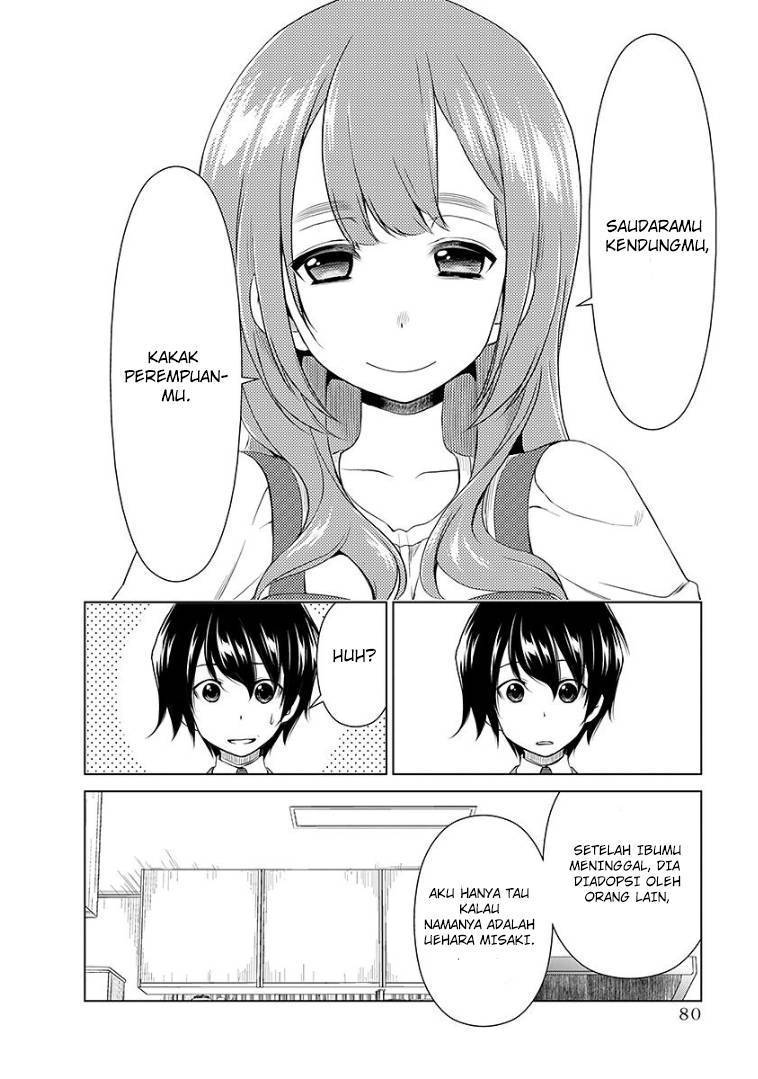 Chapter 44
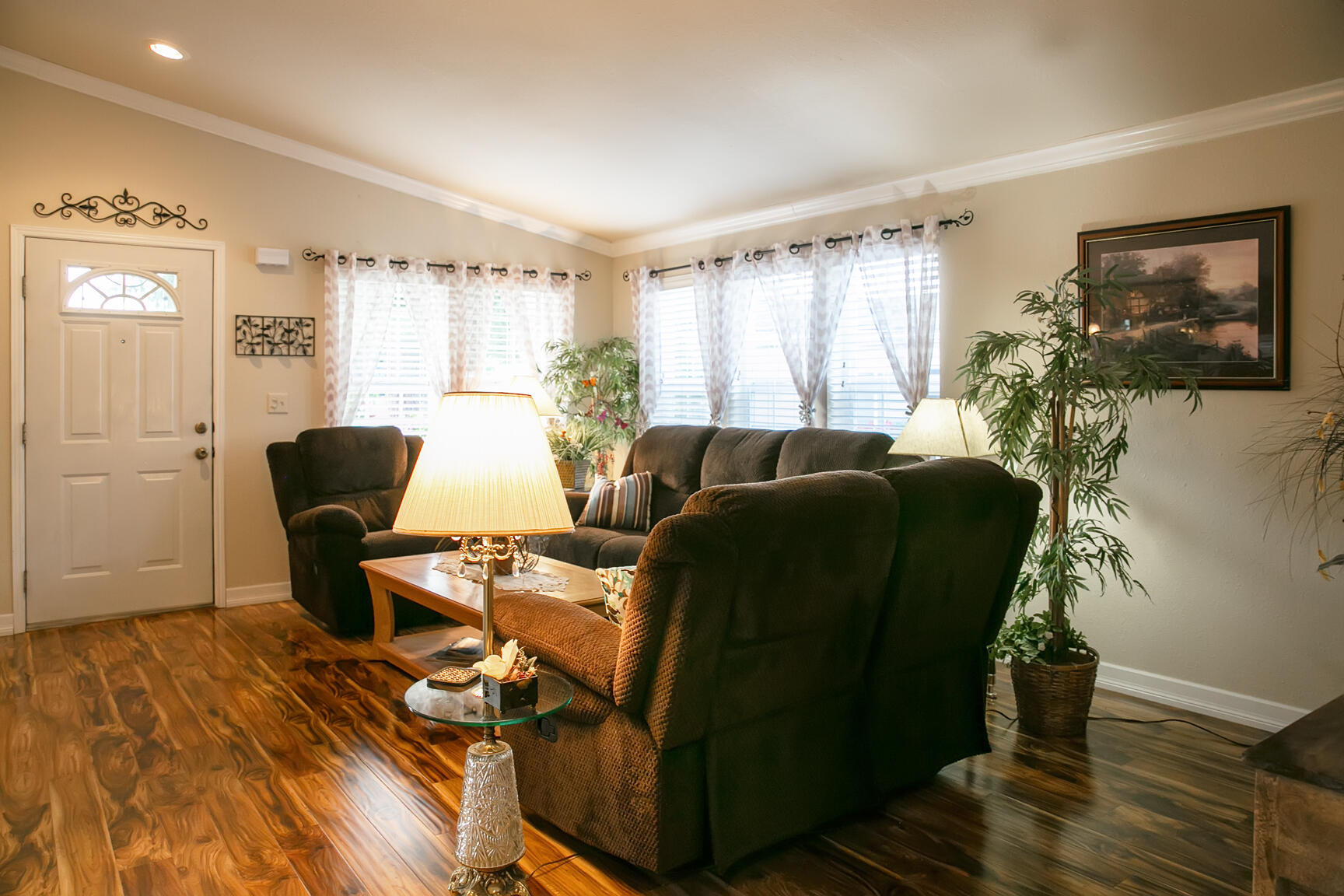 555 Freeman Road, Unit 249 Central Point, OR 97502 - Photo 7 of 46 Gallery Image 7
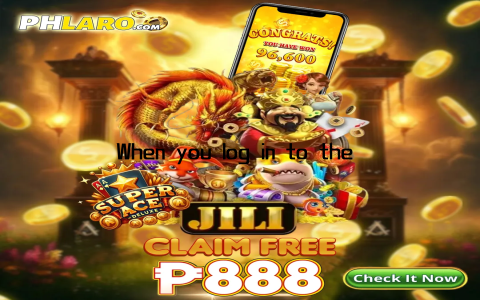 When you log in to the PHLAGO User Account Portal, you’re opening the door to a world of possibilities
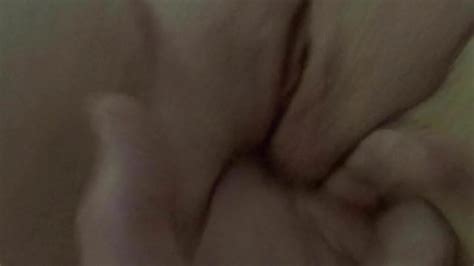 Doigtage 1 Amateur Amateur Porn XHamster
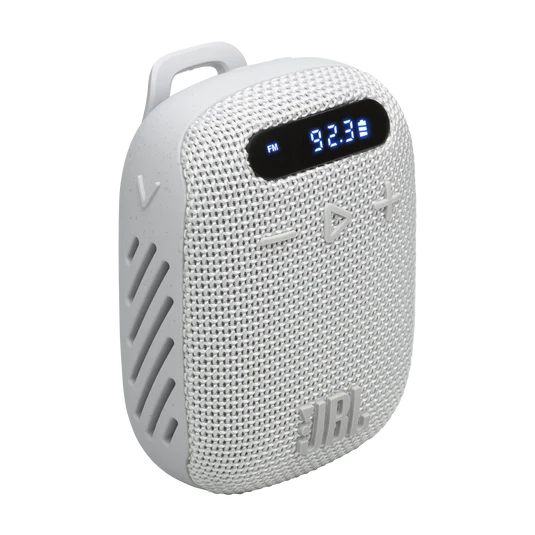  JBL Wind 3 2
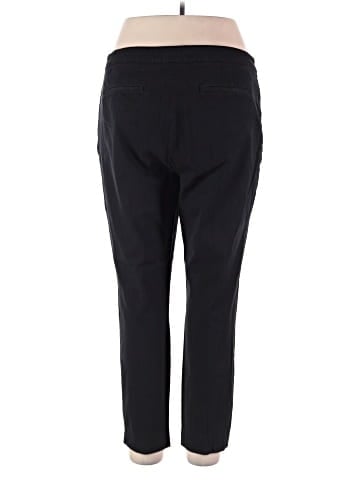 Talbots Active Pants (view 2)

Work instruction
Exact copies of all the entries, without any pictures, are what the answer must contain.

Your solution
 Chapter 44
 555 Freeman Road, Unit 249 Central Point, OR 97502 - Photo 7 of 46 Gallery Image 7
 When you log in to the PHLAGO User Account Portal, you’re opening the door to a world of possibilities
 Doigtage 1 Amateur Amateur Porn XHamster
  JBL Wind 3 2
 Talbots Active Pants (view 2)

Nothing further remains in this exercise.